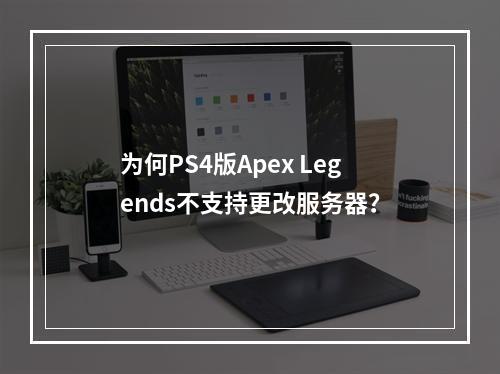 为何PS4版Apex Legends不支持更改服务器?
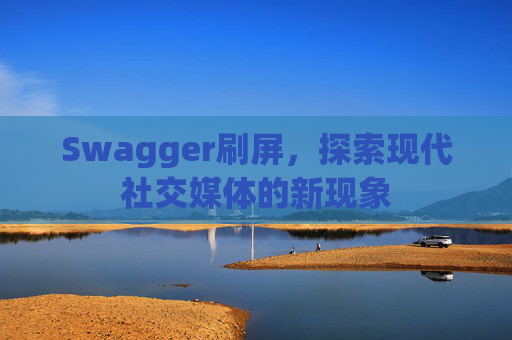 Swagger刷屏，探索现代社交媒体的新现象
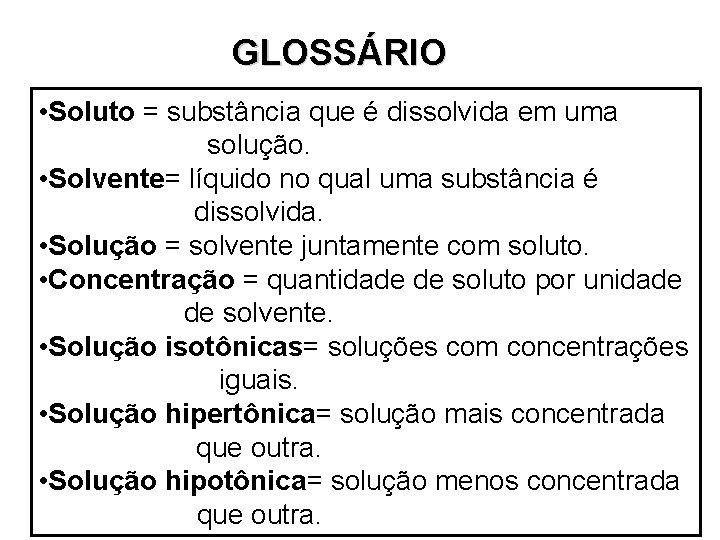 GLOSSÁRIO • Soluto = substância que é dissolvida em uma solução. • Solvente= líquido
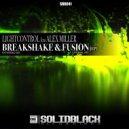 Lightcontrol & Alex Miller - Breakshake (feat. Alex Miller) (Extended Mix)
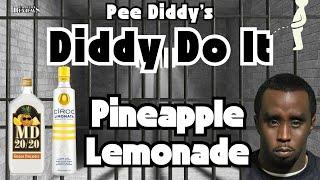  DIDDY DO IT Pineapple Lemonade #pdiddy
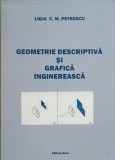 Geometrie descriptiva si grafica inginereasca Ligia Petrescu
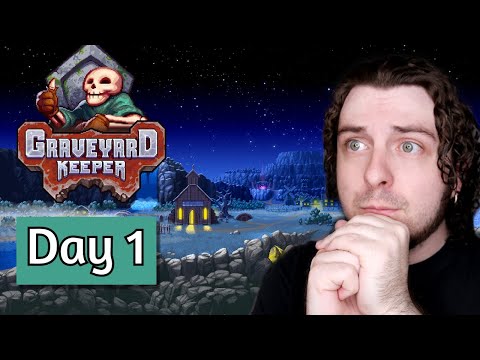 MY FIRST 5 HOURS of PLAYING as a Graveyard Keeper... - Day 1 (Graveyard Keeper)
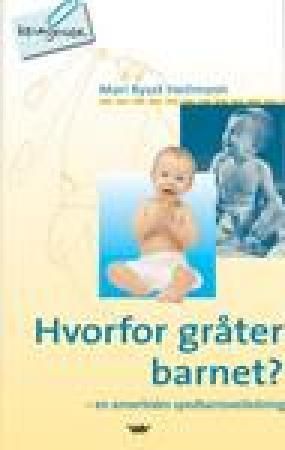 Hvorfor gråter barnet? 9788204086228 Mari Rysst Heilmann Brukte bøker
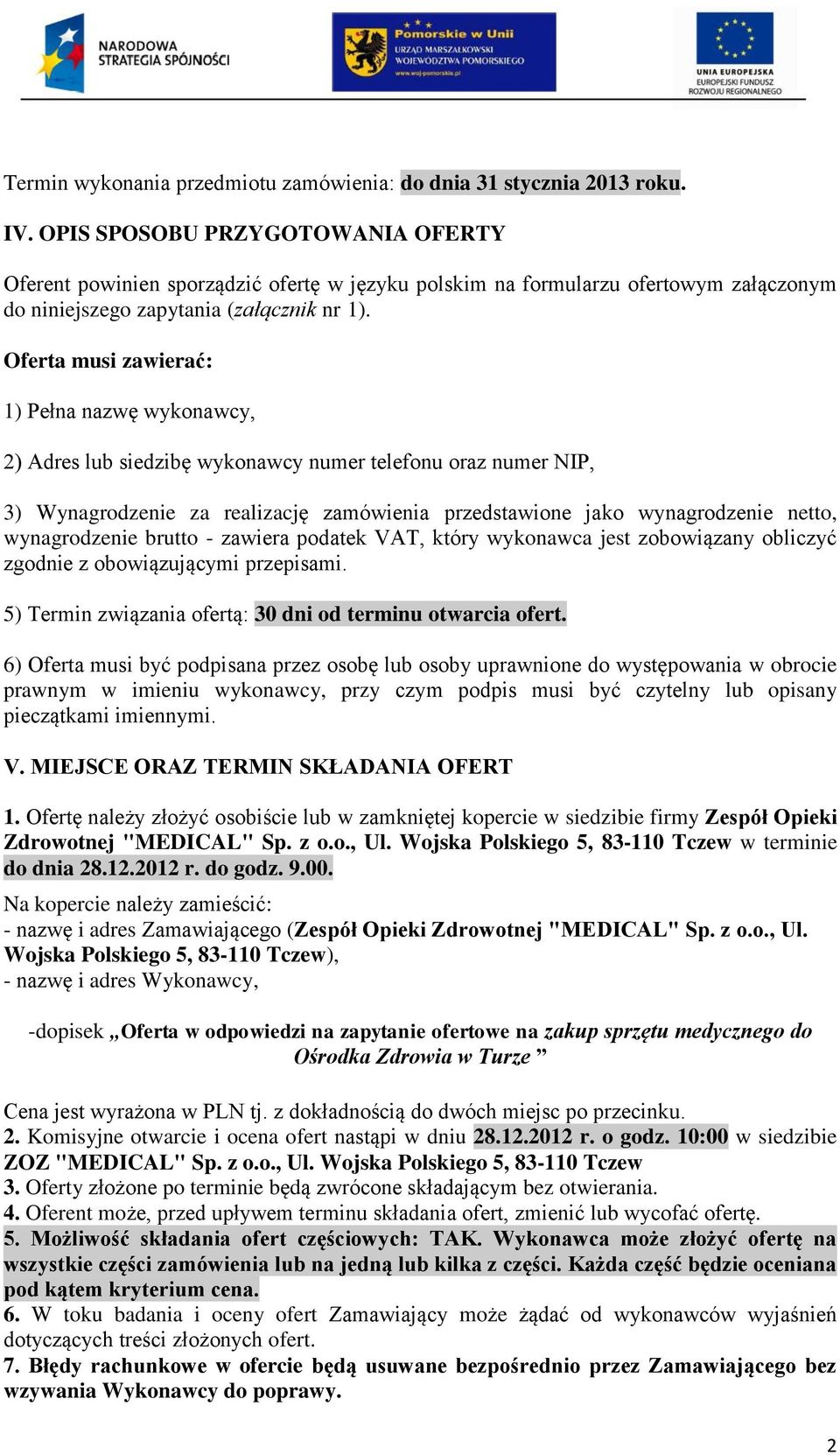 Oferta musi zawierać: 1) Pełna nazwę wykonawcy, 2) Adres lub siedzibę wykonawcy numer telefonu oraz numer NIP, 3) Wynagrodzenie za realizację zamówienia przedstawione jako wynagrodzenie netto,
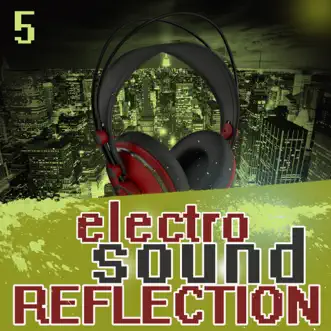 Electro Sound Reflection 5 by Various Artists album reviews, ratings, credits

::::::

# Aim of the task
Every record must be duplicated exactly, except for the pictures, which are left out.

# Problem solution
 为何PS4版Apex Legends不支持更改服务器?
 Swagger刷屏，探索现代社交媒体的新现象
 GLOSSÁRIO • Soluto = substância que é dissolvida em uma solução. • Solvente= líquido
 Lightcontrol & Alex Miller - Breakshake (feat. Alex Miller) (Extended Mix)
  DIDDY DO IT Pineapple Lemonade #pdiddy
 Geometrie descriptiva si grafica inginereasca Ligia Petrescu
 MY FIRST 5 HOURS of PLAYING as a Graveyard Keeper... - Day 1 (Graveyard Keeper)
 Hvorfor gråter barnet? 9788204086228 Mari Rysst Heilmann Brukte bøker
 Oferta musi zawierać: 1) Pełna nazwę wykonawcy, 2) Adres lub siedzibę wykonawcy numer telefonu oraz numer NIP, 3) Wynagrodzenie za realizację zamówienia przedstawione jako wynagrodzenie netto,
 Electro Sound Reflection 5 by Various Artists album reviews, ratings, credits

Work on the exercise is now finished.